Letter 44 Volume 1: Escape Velocity collects the first six issues of the series. It’s a great concept: newly elected President Stephen Blades opens a letter from his predecessor which immediately changes the agenda for his first term. NASA has discovered an alien presence in the asteroid belt, and a manned mission was sent to investigate when probes were unable to send back good information. The mission is so secret that only the President and a few close advisers know about it, so it comes as a complete surprise.

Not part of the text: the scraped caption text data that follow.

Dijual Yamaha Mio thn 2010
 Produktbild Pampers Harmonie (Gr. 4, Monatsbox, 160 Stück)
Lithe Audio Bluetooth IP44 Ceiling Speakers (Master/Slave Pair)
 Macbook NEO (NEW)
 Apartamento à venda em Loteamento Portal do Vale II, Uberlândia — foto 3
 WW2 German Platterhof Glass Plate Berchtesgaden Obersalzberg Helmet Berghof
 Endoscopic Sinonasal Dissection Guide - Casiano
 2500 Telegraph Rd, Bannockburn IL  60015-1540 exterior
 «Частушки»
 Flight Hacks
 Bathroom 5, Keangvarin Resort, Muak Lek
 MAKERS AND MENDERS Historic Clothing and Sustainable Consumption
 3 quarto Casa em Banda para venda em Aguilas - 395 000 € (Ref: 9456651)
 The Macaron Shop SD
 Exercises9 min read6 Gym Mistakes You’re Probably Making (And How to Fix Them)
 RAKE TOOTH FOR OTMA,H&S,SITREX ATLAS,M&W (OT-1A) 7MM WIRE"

In the first two issues we learn that it is feared that the alien’s intentions are not peaceful. They’re using some sort of electronic blanket of secrecy around the project in the asteroids, and they have made no attempt to communicate with Earth–something clearly within their technological capabilities. We also meet the ship’s crew, a volatile collection of scientists and military. The commander has gotten pregnant during the mission, a fact which the crew has kept secret. And they penetrate the barrier, finally getting a good look at the huge object the aliens are building, which they dub the Chandelier. They’re not sure what it does, but that’s what it looks like.
That’s just two issues! I think it’s safe to say that Soule can’t be accused of decompressed story telling. Everything you thought you knew about the former President’s actions turns out to be wrong. Or most of it, anyway. Former President Carroll appears to be working behind the scenes to maintain the agenda he had while in office. So the politics are really messy.
But the crew of the Clarke is having lots of adventures, too. Either story could be enough for a comic. I like the way Soule juggles them. Most issues have two cliffhangers instead of just one!
Wizzywig: Portrait of a Serial Hacker is Ed Piskor’s first graphic novel, published by Top Shelf in 2012. I’ve had it on my Kindle Fire for awhile from one of the Humble Bundles, and my three-day weekend is a good time to finally crack it open (virtually). It tells the story of Kevin “Boingthump” Phenicle, a legendary computer hacker from the early days of computing. Apple co-founder Steve Jobs is the obvious reference point, but only in general terms (Piskor has fun depicting Boingthump’s interactions with Jobs and his partner Steve Wozniak).
The story shifts between past biography and present media commentary. So we learn early on that the protagonist will wind up in prison, while also seeing him learn about computers and become a hacker. Visually it’s drawn in a black and white cartoon style in the underground comix tradition.
It’s a fun book, especially if you have any history with hacker culture. It goes all the way back to phone hacking and dial-up modems, and the days when hackers were often portrayed as a public menace in the mass media. It has a strong reality base, although no real-life hackers went through quite as much as the protagonist does here, at least as far as I know.
It also helps to have a history with underground comix, because it’s very much in that tradition. That includes the cartooning style as well as the militant anti-establishment tone much of the time. There’s plenty of humor, too. Piskor puts a bunch of jokes about cartoonists in the crawl of a network broadcast he draws late in the book, for one example.